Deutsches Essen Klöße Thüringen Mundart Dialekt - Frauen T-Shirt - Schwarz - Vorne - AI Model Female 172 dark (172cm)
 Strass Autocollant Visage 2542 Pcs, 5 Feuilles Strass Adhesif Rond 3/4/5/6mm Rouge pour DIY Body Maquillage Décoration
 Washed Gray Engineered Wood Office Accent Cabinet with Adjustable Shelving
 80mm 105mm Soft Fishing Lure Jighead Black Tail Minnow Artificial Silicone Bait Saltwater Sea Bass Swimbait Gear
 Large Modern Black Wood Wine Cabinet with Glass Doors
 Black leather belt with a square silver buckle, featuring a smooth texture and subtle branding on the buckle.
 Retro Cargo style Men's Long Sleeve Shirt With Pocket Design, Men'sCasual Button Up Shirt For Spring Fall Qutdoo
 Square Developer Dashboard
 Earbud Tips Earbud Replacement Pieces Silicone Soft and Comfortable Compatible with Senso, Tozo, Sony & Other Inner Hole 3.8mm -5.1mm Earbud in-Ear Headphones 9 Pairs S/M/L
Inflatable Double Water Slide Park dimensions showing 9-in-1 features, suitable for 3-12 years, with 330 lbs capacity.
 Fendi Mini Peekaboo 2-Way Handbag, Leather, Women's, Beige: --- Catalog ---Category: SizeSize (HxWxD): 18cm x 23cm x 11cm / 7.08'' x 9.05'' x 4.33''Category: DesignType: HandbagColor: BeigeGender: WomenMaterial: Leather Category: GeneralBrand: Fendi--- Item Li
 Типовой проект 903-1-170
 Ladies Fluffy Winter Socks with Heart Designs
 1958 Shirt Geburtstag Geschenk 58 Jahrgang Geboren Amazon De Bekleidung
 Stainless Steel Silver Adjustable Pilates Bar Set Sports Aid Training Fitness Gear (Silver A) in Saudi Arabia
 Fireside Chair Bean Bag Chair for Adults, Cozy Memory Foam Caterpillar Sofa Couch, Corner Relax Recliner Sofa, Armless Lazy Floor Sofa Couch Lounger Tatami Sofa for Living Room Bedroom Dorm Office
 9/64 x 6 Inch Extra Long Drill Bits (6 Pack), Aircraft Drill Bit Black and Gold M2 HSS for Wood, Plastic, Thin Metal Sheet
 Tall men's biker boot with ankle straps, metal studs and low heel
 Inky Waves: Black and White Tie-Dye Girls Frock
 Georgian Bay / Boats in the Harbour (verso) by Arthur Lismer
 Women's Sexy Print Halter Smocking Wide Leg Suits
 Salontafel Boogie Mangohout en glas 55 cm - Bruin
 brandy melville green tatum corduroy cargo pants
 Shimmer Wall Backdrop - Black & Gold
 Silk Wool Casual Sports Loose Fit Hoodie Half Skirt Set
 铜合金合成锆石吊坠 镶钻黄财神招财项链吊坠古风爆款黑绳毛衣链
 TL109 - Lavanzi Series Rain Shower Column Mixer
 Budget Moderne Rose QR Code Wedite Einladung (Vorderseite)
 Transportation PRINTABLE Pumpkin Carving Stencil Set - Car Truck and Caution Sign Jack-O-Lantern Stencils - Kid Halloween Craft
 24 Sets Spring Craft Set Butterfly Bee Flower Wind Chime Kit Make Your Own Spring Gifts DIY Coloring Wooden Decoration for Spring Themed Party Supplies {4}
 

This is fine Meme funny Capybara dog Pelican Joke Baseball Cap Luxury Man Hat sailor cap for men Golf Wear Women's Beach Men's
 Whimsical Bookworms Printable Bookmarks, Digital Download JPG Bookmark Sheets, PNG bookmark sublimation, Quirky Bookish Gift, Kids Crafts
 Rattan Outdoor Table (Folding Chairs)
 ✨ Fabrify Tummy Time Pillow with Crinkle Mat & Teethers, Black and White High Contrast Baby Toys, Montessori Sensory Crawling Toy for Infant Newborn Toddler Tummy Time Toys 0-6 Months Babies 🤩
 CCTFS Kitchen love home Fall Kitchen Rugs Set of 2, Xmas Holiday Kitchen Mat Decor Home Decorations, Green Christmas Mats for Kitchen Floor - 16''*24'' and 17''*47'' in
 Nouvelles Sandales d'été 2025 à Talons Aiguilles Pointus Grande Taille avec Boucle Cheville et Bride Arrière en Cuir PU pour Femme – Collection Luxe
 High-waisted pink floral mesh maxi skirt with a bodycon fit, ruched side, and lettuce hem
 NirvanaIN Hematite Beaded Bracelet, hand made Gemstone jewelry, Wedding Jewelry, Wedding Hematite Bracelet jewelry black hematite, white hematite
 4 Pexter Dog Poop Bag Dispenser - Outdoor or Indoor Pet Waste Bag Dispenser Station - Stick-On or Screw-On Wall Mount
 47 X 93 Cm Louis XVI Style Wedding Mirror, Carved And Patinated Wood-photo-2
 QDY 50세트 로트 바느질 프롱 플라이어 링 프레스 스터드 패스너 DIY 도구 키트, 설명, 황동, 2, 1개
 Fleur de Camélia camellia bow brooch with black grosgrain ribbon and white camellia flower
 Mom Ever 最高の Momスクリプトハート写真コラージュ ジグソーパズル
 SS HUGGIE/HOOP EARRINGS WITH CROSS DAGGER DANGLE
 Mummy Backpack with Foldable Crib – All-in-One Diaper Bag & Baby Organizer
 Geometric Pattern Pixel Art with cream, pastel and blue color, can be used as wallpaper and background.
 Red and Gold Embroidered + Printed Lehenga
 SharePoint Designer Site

------------------------------------------------------------------------

_ASSIGNMENT:_ Above are the records. Print exactly, and only, the lines from the line with "CCTFS Kitchen love" to the line with "NirvanaIN Hematite Beaded", both inclusive.

_ANSWER AREA:_
 CCTFS Kitchen love home Fall Kitchen Rugs Set of 2, Xmas Holiday Kitchen Mat Decor Home Decorations, Green Christmas Mats for Kitchen Floor - 16''*24'' and 17''*47'' in
 Nouvelles Sandales d'été 2025 à Talons Aiguilles Pointus Grande Taille avec Boucle Cheville et Bride Arrière en Cuir PU pour Femme – Collection Luxe
 High-waisted pink floral mesh maxi skirt with a bodycon fit, ruched side, and lettuce hem
 NirvanaIN Hematite Beaded Bracelet, hand made Gemstone jewelry, Wedding Jewelry, Wedding Hematite Bracelet jewelry black hematite, white hematite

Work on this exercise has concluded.